Brian Wilson – Live (Tempodrom)

Brian Wilson tritt vor einem nur zu 1/4 gefüllten Tempodrom auf. Eine riesige Band – 10 Musiker, drei bis vier Gitarren, alle bis auf den Drummer und den Bassisten müssen singen. Musiker und der Mann am Mischpult haben sofort meinen Respekt: Sechstimmiger Gesang, zwei Stunden lang und ohne Noten. Wir reden hier nicht von Tralllala – Brian Wilson schreibt richtig schwierige, eng geführte, himmlisch schöne Gesangssätze. So schwer, dass seine Musik lange Zeit als live unspielbar galt.The Brian Wilson Band (Taylor Mills) Und so verwirrend schön, weil jede Stimme „stark“ geführt ist.  Der Sänger und der Hörer möchten ständig von einer einer Stimme auf die andere – springen, weil jede Stimme harmonisch und melodisch stark klingt und trägt.

Mit schwierigen Satzgesängen oder mit zwei 12-seitigen Gretsch-Gitarren (die natürlich pausenlos verstimmt sind) hat diese Band kein Problem. Nicht umsonst bezeichnet Paul McCartney diese- als die derzeit beste Tour-Band der Welt. Jeff Foskett bringt vom rechten Bühnenrand mit einer sehr straighten Gitarre und einer strahlend schönen Tenorstimme die Band immer wieder unter Kontrolle. Daneben singt mit Taylor Mills eine Frau, die (wie wir bei einer minimalen Solopassage hören können) mit einer wunderbar druckvollen, glatten Stimme „Sex in the voice“ singt wie sonst vielleicht nur Sheryl Crow. Links am Bühnenrand ackern zwei Heldentenöre um die Wette (Darian Sahanaja und Scott Bennett), während der Meister selbst zufrieden in der Mitte thront und seinen leisen, fast britischen Humor bei den Ansagen aufblitzen lässt. Bei mehreren Titeln (und den ganz hohen Solostimmen) lässt er Foskett und Sahanaja die erste Stimme, schließt die Augen und hört manchmal nur zu. Das dies eine überragend gute Band sein würde, war mir schon nach dem wunderbaren Album Live At The Roxy (2002) von Wilson klar.

Der Tagesspiegel wundert sich, wie ein ernster Mann, der erkennbar 67 Lebensjahre mit sich herum trägt, so inbrünstig vom „Surfer Girl“ singen kann. Das hat einen ganz einfachen Grund.

Bach ist tot und Mozart auch. Selbst Brian Wilson fühlt sich schon ganz komisch an.

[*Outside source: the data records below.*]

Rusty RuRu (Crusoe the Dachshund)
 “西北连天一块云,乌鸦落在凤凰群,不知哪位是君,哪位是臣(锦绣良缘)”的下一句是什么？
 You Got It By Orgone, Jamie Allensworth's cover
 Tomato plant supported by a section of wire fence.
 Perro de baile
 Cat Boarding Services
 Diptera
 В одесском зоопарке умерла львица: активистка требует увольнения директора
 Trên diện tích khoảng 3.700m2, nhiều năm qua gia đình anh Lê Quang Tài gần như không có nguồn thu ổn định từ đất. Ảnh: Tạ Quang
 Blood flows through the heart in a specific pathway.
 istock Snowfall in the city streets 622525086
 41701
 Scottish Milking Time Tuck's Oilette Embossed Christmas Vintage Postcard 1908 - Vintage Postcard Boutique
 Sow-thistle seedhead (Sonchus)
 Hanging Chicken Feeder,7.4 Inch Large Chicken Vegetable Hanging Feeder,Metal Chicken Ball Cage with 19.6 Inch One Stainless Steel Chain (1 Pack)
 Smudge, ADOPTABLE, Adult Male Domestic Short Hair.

Der Mann schafft es wie kein anderer, mit fast klassischen Stimmführungen, die an Schönheit und Eleganz kaum zu überbieten sind, jeden Zuhörer in den Bann zu ziehen. Und das ist so viel Handwerk, so viel Komposition wie bei keinem anderen Pop-Komponisten. Lassen wir mal den Meister selbst sprechen (in einem Telefoninterview mit Markus Schneider von der Berliner Zeitung):

Was macht für Sie einen guten Popsong aus?
Die Melodie und die Lyrics sollten kreativ und nett sein, nicht wahr?
Und was macht den perfektn Song aus?
Sowas wie „God only knows“, denke ich.
Aber diese sanfte Süße war doch Absicht?
Die kommt von der höheren Stimmlage.
Eine rein formale Sache?
Genau.

Der Mann ist Komponist – wie vielleicht Joseph Haydn oder J.S. Bach: Ernsthaft, effektsicher, sehr anspruchsvoll. Und natürlich ist „God Only Knows“ der perfekte Popsong, die perfekte Komposition und sehr, sehr anrührend.
Und spätestens nach einer halben Stunde perfekter Popmusik mit sechstimmigem Gesang schmilzt das Publikum dahin. Bei den Zugaben tanzt dann der ganze Saal. Und bei der letzten Zugabe, als die Band sich verschwitzt und entspannt an den Händen fasst, um noch einmal zu singen über Gott und die Musik – da wird mir klar. Für Brian Wilson fügt sich diese schwierige, wirre und verstörende Welt erst in der Musik zusammen. Darum tourt er und komponiert und das ist gut so.